- _To do_: Return the lines of the data below in which the string "light" occurs.

[Stored items from a collection]
------------------------------------------------

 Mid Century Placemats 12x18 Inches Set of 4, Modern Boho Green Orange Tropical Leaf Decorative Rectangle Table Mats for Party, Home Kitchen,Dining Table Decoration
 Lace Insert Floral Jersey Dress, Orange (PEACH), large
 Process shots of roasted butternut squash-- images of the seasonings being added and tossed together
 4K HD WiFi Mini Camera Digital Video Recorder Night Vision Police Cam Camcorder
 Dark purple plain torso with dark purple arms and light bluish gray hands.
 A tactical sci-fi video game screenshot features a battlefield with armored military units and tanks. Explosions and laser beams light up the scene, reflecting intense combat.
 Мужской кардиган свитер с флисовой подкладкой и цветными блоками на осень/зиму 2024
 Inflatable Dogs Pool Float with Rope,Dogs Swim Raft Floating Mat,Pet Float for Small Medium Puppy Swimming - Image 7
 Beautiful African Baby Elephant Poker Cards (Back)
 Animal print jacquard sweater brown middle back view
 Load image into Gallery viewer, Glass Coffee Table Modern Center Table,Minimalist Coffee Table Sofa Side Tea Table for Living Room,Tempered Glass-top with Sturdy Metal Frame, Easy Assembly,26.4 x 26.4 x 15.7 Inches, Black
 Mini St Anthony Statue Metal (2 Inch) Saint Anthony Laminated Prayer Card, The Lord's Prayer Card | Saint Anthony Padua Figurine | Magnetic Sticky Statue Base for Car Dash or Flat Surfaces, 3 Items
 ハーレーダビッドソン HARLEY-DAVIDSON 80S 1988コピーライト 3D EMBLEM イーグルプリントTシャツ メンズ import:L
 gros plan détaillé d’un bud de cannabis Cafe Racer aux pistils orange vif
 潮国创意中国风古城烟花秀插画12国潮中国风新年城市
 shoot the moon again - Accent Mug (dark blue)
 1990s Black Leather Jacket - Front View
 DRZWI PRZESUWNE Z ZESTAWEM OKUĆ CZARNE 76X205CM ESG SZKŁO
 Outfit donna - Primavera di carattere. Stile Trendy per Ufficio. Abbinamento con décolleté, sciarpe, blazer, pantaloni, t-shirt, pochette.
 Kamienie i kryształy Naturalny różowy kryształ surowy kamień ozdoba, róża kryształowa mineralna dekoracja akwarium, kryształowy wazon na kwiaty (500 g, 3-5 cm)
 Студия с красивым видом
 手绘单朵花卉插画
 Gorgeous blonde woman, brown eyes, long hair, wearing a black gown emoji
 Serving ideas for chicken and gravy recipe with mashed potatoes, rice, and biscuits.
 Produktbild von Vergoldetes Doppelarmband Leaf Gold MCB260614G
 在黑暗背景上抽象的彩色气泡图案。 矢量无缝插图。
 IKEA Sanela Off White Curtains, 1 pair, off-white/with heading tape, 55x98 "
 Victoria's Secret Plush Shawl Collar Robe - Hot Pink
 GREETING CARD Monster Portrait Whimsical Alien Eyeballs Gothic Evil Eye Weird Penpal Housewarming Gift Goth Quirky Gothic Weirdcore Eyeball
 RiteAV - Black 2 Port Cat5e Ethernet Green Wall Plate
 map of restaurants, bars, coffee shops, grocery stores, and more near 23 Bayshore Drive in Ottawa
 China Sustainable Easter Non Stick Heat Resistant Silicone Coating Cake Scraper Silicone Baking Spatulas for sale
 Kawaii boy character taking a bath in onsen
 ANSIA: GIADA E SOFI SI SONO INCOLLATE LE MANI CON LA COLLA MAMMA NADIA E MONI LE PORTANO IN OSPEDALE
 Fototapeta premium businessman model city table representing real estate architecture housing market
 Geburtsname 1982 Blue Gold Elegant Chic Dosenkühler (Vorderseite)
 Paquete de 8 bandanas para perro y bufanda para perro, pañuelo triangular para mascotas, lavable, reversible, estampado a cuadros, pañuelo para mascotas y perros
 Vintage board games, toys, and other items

------------------------------------------------

- _Expected answer_:
 Dark purple plain torso with dark purple arms and light bluish gray hands.
 A tactical sci-fi video game screenshot features a battlefield with armored military units and tanks. Explosions and laser beams light up the scene, reflecting intense combat.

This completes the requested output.